If we take a look at the file format description on the website, it specifies that

The text file is comma delimited and uses double-quotation marks as the text qualifier.

The file contains information about the candidate, the donor's city, state, zip code, employer and occupation information, as well as the amount donated. In addition it contains the date of the donation,

Let's write a script to read and print each donation's date, amount and candidate. Python comes with a csv module that helps read CSV files.

import csv,sys,datetime
reader = csv.DictReader(open(sys.argv[1], 'r'))

for row in reader:
    name = row['cand_nm']
    datestr = row['contb_receipt_dt']
    amount = row['contb_receipt_amt']
    print ','.join([name, datestr, amount])
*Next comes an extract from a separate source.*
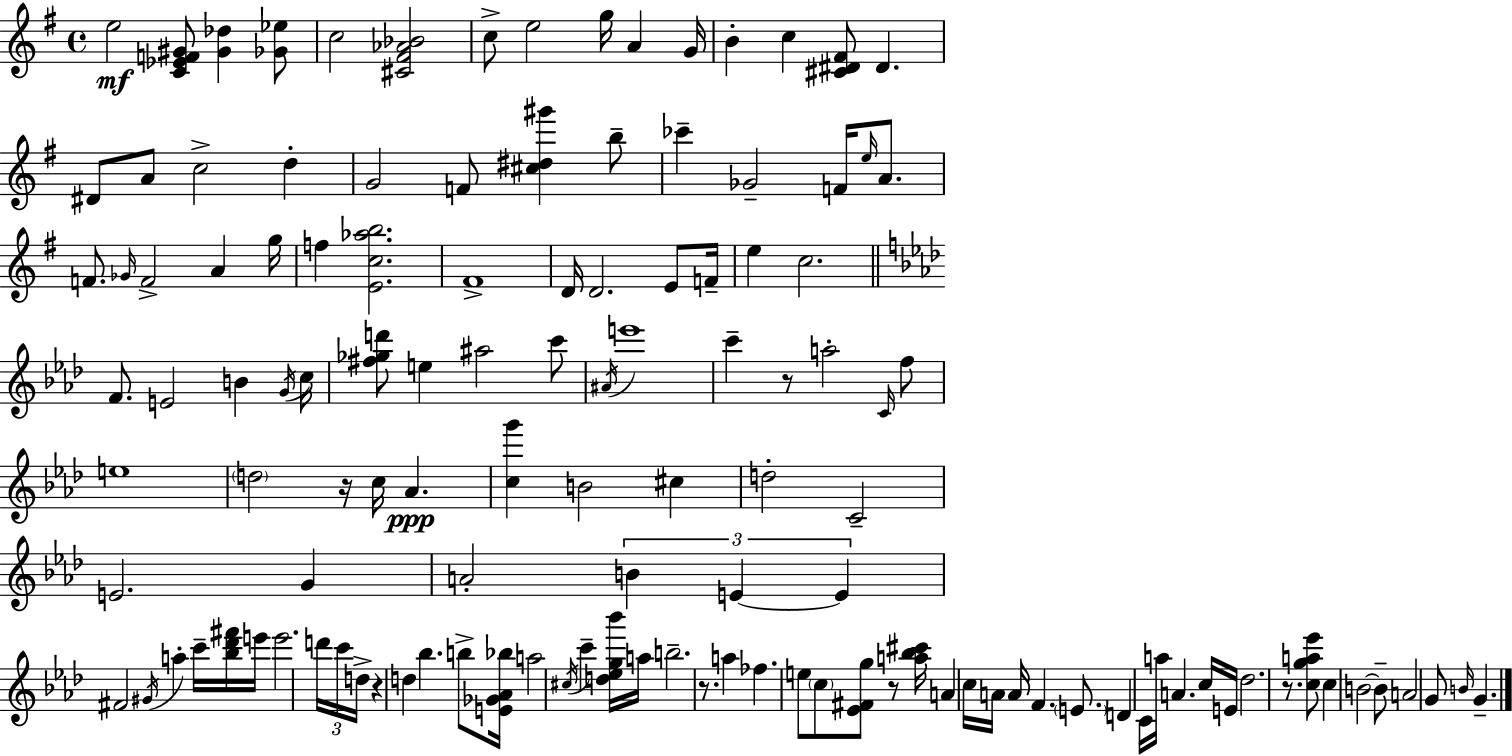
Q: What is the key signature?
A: G major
DictReader assumes that the first line are the names of the fields, and creates a dictionary for each row of fieldname->value pairs. Copy the above code into a file (say in the same directory as donations.txt, and run python donations.txt. This will make donations.txt be the first argument to the program (sys.argv[1]), which will be read and printed line by line. We'll only print the name, date, and amount of the contribution for now.

Introducing matplotlib

We will be using matplotlib in the rest of the course, and work with it extensively in day 2. The following code is a crash course on how to graph a line in matplotlib.

# pyplot is the plotting module
import matplotlib.pyplot as plt
import random

# generate the data
xs = range(10) # 0...9
ys1 = range(10) # 0...9
ys2 = [random.randint(0, 20) for i in range(10)] # 10 random numbers from 0-19

# create a 10-inch x 5-inch figure
fig = plt.figure(figsize=(10,5))

# draw a line graph
plt.plot(xs, ys1, label='line 1')
plt.plot(xs, ys2, label='line 2')

# create the legend
plt.legend(loc='upper center', ncol = 4)

# finally, render and store the figure in an image
plt.savefig('twolines.png', format='png')
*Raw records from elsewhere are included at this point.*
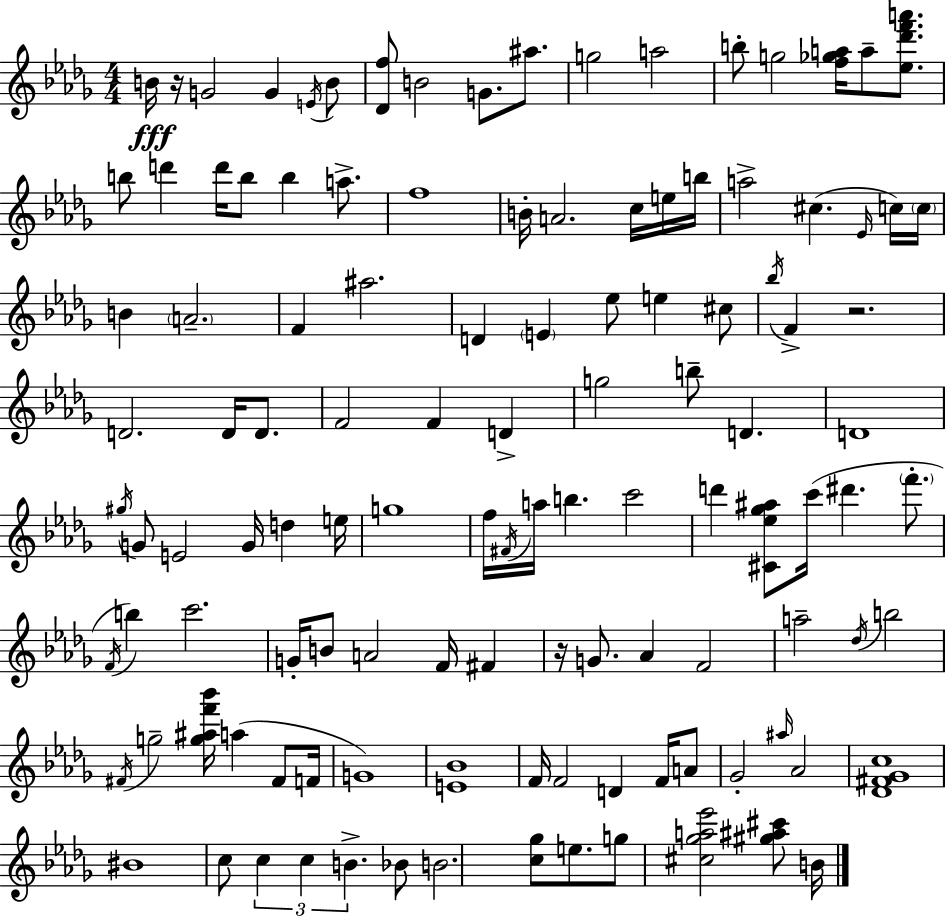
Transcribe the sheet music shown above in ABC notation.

X:1
T:Untitled
M:4/4
L:1/4
K:Bbm
B/4 z/4 G2 G E/4 B/2 [_Df]/2 B2 G/2 ^a/2 g2 a2 b/2 g2 [f_ga]/4 a/2 [_e_d'f'a']/2 b/2 d' d'/4 b/2 b a/2 f4 B/4 A2 c/4 e/4 b/4 a2 ^c _E/4 c/4 c/4 B A2 F ^a2 D E _e/2 e ^c/2 _b/4 F z2 D2 D/4 D/2 F2 F D g2 b/2 D D4 ^g/4 G/2 E2 G/4 d e/4 g4 f/4 ^F/4 a/4 b c'2 d' [^C_e_g^a]/2 c'/4 ^d' f'/2 F/4 b c'2 G/4 B/2 A2 F/4 ^F z/4 G/2 _A F2 a2 _d/4 b2 ^F/4 g2 [g^af'_b']/4 a ^F/2 F/4 G4 [E_B]4 F/4 F2 D F/4 A/2 _G2 ^a/4 _A2 [_D^F_Gc]4 ^B4 c/2 c c B _B/2 B2 [c_g]/2 e/2 g/2 [^c_ga_e']2 [^g^a^c']/2 B/4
plt.plot() takes a list of x and a list of y values, and draws a line between every pair of (x,y) points. The line is drawn on the most recently created figure.

plt.legend() draws the legend in the figure. There are a bunch of other common chart objects like x-axis labels that matplotlib supports.

In the final line, plt.savefig() saves the figure to a file called twolines.png in the directory we ran the script. Try it out! You should see something like

Sampling The Data

The dataset is quite large, and processing the full dataset can be pretty slow. It is often useful to sample the dataset and try things out on the sample before doing a complete analysis of all of the data. The following is a script that samples the donations dataset. It will print 1 out of every 1000 donations (or roughly 5000 total donations):

import sys

with file(sys.argv[1], 'r') as f: 
    i = 0
    for line in f:
        if i % 1000 == 0:
            print line[:-1]
        i += 1

The line print line[:-1] prints the entire line except its last character to the screen. Why skip the last character? Because each line ends in a carriage return, and print will add one for us. We don't want a space between each line!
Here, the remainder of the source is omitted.